Begin answered, “Because, sir, Jerusalem was a Jewish capital long before London was a British capital. When King David moved the capital of his kingdom from Hebron, where he had reigned for seven years, to Jerusalem, where he reigned for 33 years, the civilized world had never heard of London. In fact, they had never heard of Great Britain,” and he turned on his heels towards the door, where Mrs. Thatcher was waiting to greet him.

Now, after almost 70 years—with President Donald Trump’s courageous declaration last week—perhaps the world will come to appreciate what was always true—and that is, that Jerusalem was, is and always will be the Jewish capital, the center of Jewish life…Ki miTziyon teytzey Torah udvar Hashem miY’rushalayim (For from Zion will the Torah emerge and the word of Hashem from Jerusalem). As Trump said: “But today we finally acknowledge the obvious. That Jerusalem is Israel’s capital. This is nothing more or less than a recognition of reality. It is also the right thing to do.”

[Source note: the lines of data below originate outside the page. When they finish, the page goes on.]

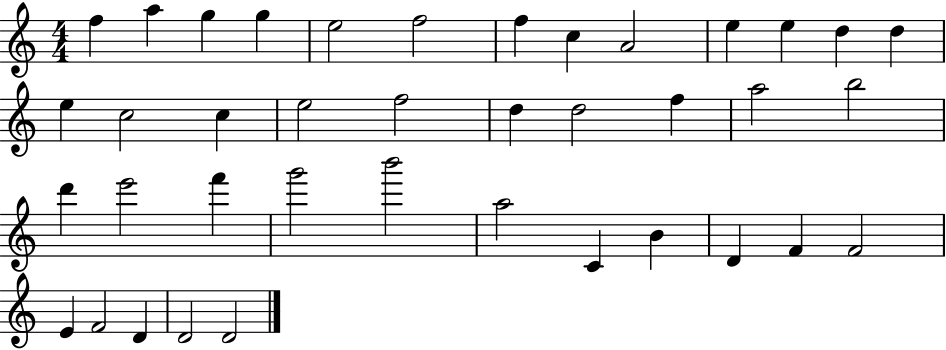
X:1
T:Untitled
M:4/4
L:1/4
K:C
f a g g e2 f2 f c A2 e e d d e c2 c e2 f2 d d2 f a2 b2 d' e'2 f' g'2 b'2 a2 C B D F F2 E F2 D D2 D2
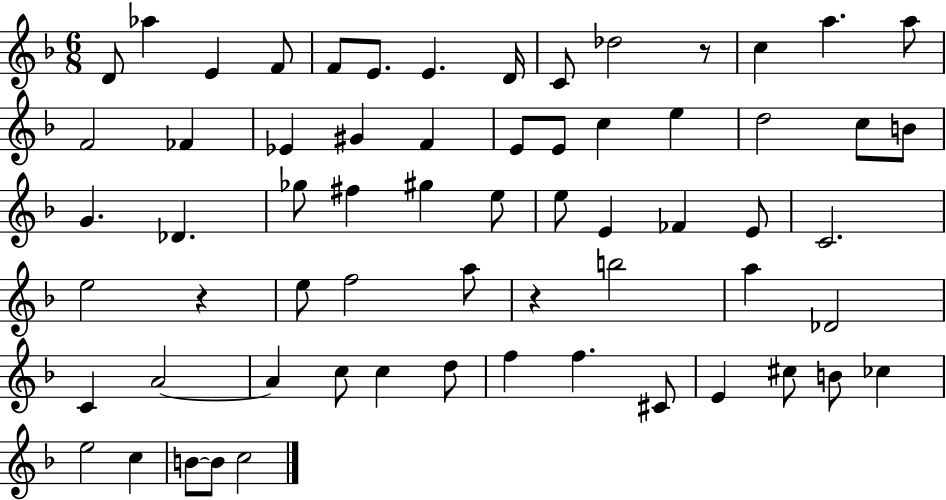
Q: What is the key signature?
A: F major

No matter what you think of President Trump, this announcement was a seismic event—a historic watershed. This is where appeasement ends. His speech signaled that at least for America, the century-long Arab attempt to destroy Israel’s legitimacy—the essence of the Middle East conflict—has failed.

Trump was careful and subtle. He did not say all of Jerusalem was Israel’s capital and he merely started the process of moving the US Embassy to Jerusalem. It was the balanced, strategic and principled speech of a statesman.

Palestinian leaders called for 3 days of rage in protest. Many were fearful of overwhelming violence, but the sum total seemed to be 2 Palestinian fatalities…and this week there were 4 more. This is a far cry from former Palestinian days of rage where Jews were stabbed and buses blown up. This is not to downplay the risks involved. The incendiary threats of vengeful violence should be taken seriously. But, as we’ve seen all too often, Palestinians need no excuse to try to murder Israelis.

For decades, the idea of a Palestinian state with Jerusalem as its capital served as a rare and powerful rallying cry that united the Arab world. Anne Barnard writes in the NY Times: While Arab leaders have continued to pay lip service to the Palestinian cause, it has slipped in importance, displaced by the Arab Spring uprisings, the wars in Iraq, Syria and Yemen, the threat of the Islamic State, and the contest between Saudi Arabia and Iran for regional dominance. Persian Gulf states like Saudi Arabia, more concerned about their rivalry with Iran, have found their interests increasingly overlapping with those of Israel. I wouldn’t be surprised to hear that Saudi Arabia was informed of Trumps decision beforehand and gave Trump a wink and a nod. The surge of Arab violence over the recognition of Jerusalem never really materialized. We live in changing times.

And besides, appeasing those who threaten violence doesn’t reduce it. It actually encourages it. The refusal to recognize Jerusalem as Israel’s capital never prevented the Palestinians from hurling rocks from the Al Aksa Mosque at Jews worshiping below, or blowing up Israeli buses, or raining rockets upon innocent people or stabbing Jews in the street.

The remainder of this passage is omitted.